On demand of bringing changes on import of cotton, Prime Minister’s Adviser on Commerce Abdul Razak Dawood said that there should be no restriction on import and export of cotton. He also opposed move to fix minimum support price of cotton. He opposed any move for changing duty structure of textile sector and argued that with abolishing of zero rating regime, the textile sector would be facing acute liquidity crunch. Now the government, he said, promised to clear refunds from July 2019 as earlier it could not be done and stuck up amount stood at Rs300 billion.

“We have decided to reverse to taxation of Rs10 from existing Rs300 per kg from Green Leaf Threshing Plants (GLT) and it will not affect our tax collection because it was adjustable tax imposed for the purpose of documentation. We will increase tax collection from tobacco up to Rs135-140 billion in the next fiscal with increased rates against Rs115 billion in outgoing financial year,” Minister of State for Revenues Hammad Azhar stated before the Special National Assembly Committee on agriculture sector.

He told journalists after the meeting that the government collected Rs140 million tax from tobacco growers in outgoing fiscal year and it was decided to revise downward to Rs10 per kg for using it for the purpose of documentation only.

Atif Khan, provincial minister from KP who participated in the special committee meeting alleged that the multinational companies of tobacco were quite influential as they used certain newspapers and reporters to make efforts to influence the policy makers through publishing news reports and made it clear that they would take decision under any pressures.

Minister of State Hammad Azhar said that the days had gone when powerful lobbies were used to exert pressures to get decision of their favour. He said that the government rejected the demand of multinational companies and implemented WHO recommendation to jack up tax rate on tobacco where the government increased tax of Rs8 on tier two packet and Rs14 on tier one cigarettes packets.

PTI MNA Fakhar Imam and coalition partner of ruling coalition Fehmida Mirza who is Minister for Inter Provincial Coordination spoke on the occasion and said that the growers got prices less than international market in last ten years so the government chose path to dole out benefits to growers belonging to USA, Central Asian Republics and India.

Adviser to PM on Commerce Abdul Razak Dawood said that the sugar prices were kept artificially high and mentioned that the real problem was inability to enhance productivity.

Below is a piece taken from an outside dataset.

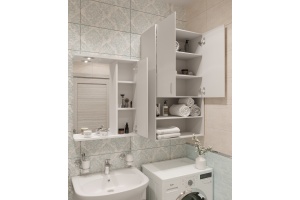 Шкаф DIWO Суздаль 60 над стиральной машиной, с полками - 3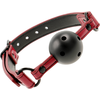 Fetish Submissive Dark Room Adjustable Vegan Leather Breathable Gag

He said that the contaminated cotton could not be used for value addition. Minister of state for revenues said that the government jacked up tax rate on sugar from 11 to 17 percent under which the price of sweetener should have gone up by Rs3.26 per kg in the domestic market. He made it clear that the federal government in coordination with the provinces would launch crackdown against hoarders of sugar after the approval of budget as there was no justification to fleece the consumers. He said that the prices of ghee/cooking oil would not increase because of taxation measures. The flour (atta) prices should not increase and admitted that the corn flakes of renowned brands brought into tax net.

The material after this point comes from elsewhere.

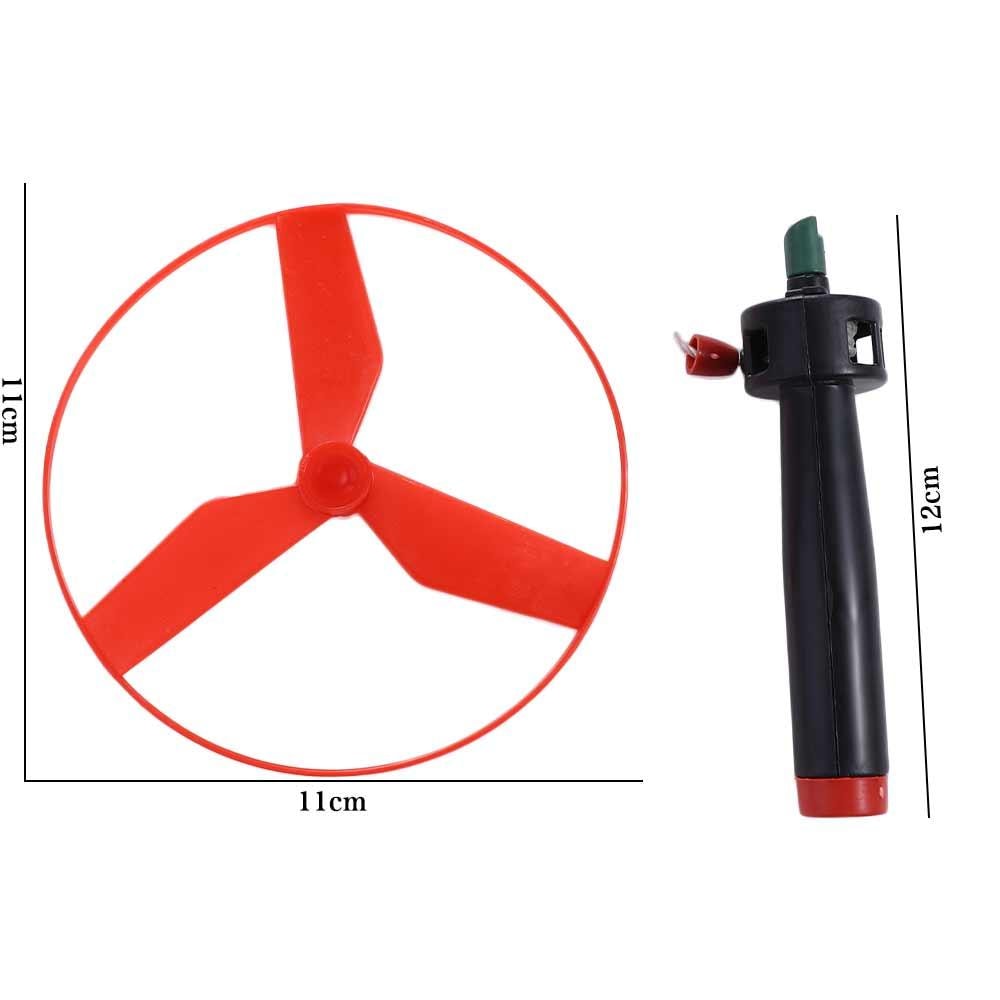 Pull String Flying Helicopter Toy for Kids Colorful Outdoor Fun Flying Disc Propeller Spin Top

Minister for Aviation Ghulam Sarwar Khan said that there was need to increase allocation for research of agriculture sector adding that without research on seeds the productivity could not be increased.

On poultry issues, the representatives of this sector argued that the processed foods was brought into standard rate of 17 percent GST that would result into price surge of Rs104 to Rs115 per kg impact. However, the minister of state for revenues said that the tax rate was increased on processed foods such as nuggets as it is being used by higher income brackets.